Dataset extract ::
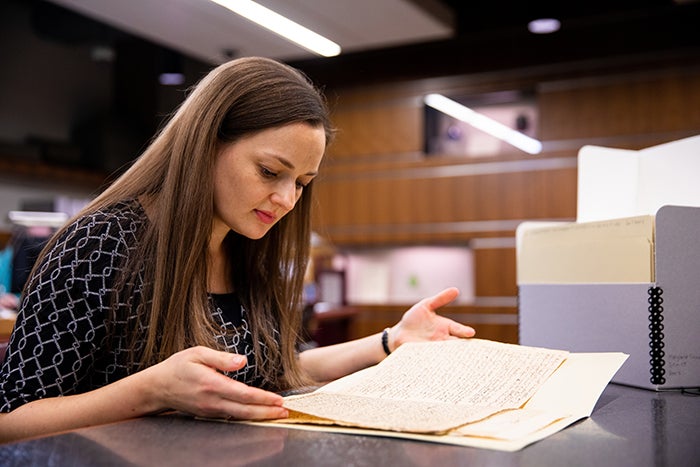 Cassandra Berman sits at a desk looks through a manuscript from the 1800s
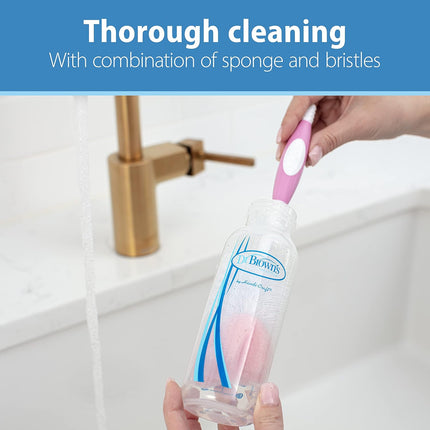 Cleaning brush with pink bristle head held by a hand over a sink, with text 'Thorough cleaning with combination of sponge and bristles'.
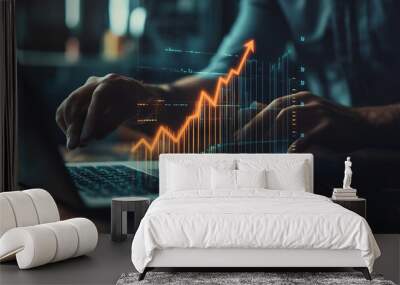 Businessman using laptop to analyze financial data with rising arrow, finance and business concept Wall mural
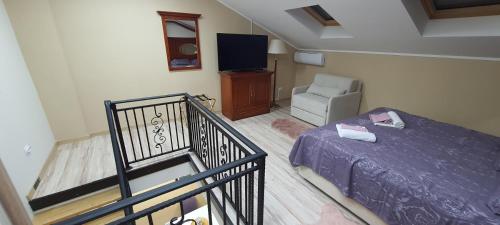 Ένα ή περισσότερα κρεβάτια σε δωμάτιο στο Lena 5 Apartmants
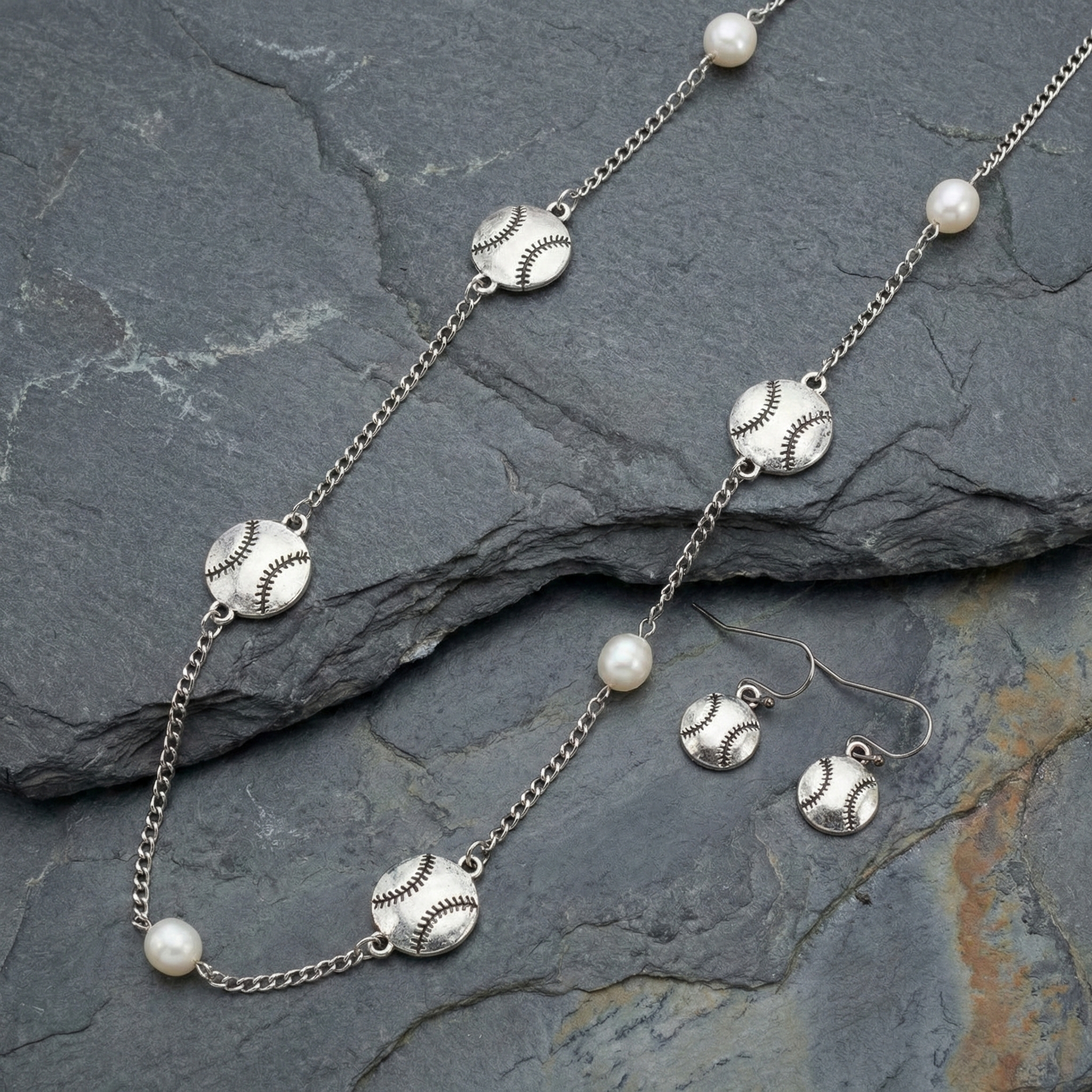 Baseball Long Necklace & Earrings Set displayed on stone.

Work required ::
Your copy of the listing should match it exactly, apart from the pictures, which are left out.

Written response ::
 Cassandra Berman sits at a desk looks through a manuscript from the 1800s
 Cleaning brush with pink bristle head held by a hand over a sink, with text 'Thorough cleaning with combination of sponge and bristles'.
 Businessman using laptop to analyze financial data with rising arrow, finance and business concept Wall mural
 Ένα ή περισσότερα κρεβάτια σε δωμάτιο στο Lena 5 Apartmants
 Baseball Long Necklace & Earrings Set displayed on stone.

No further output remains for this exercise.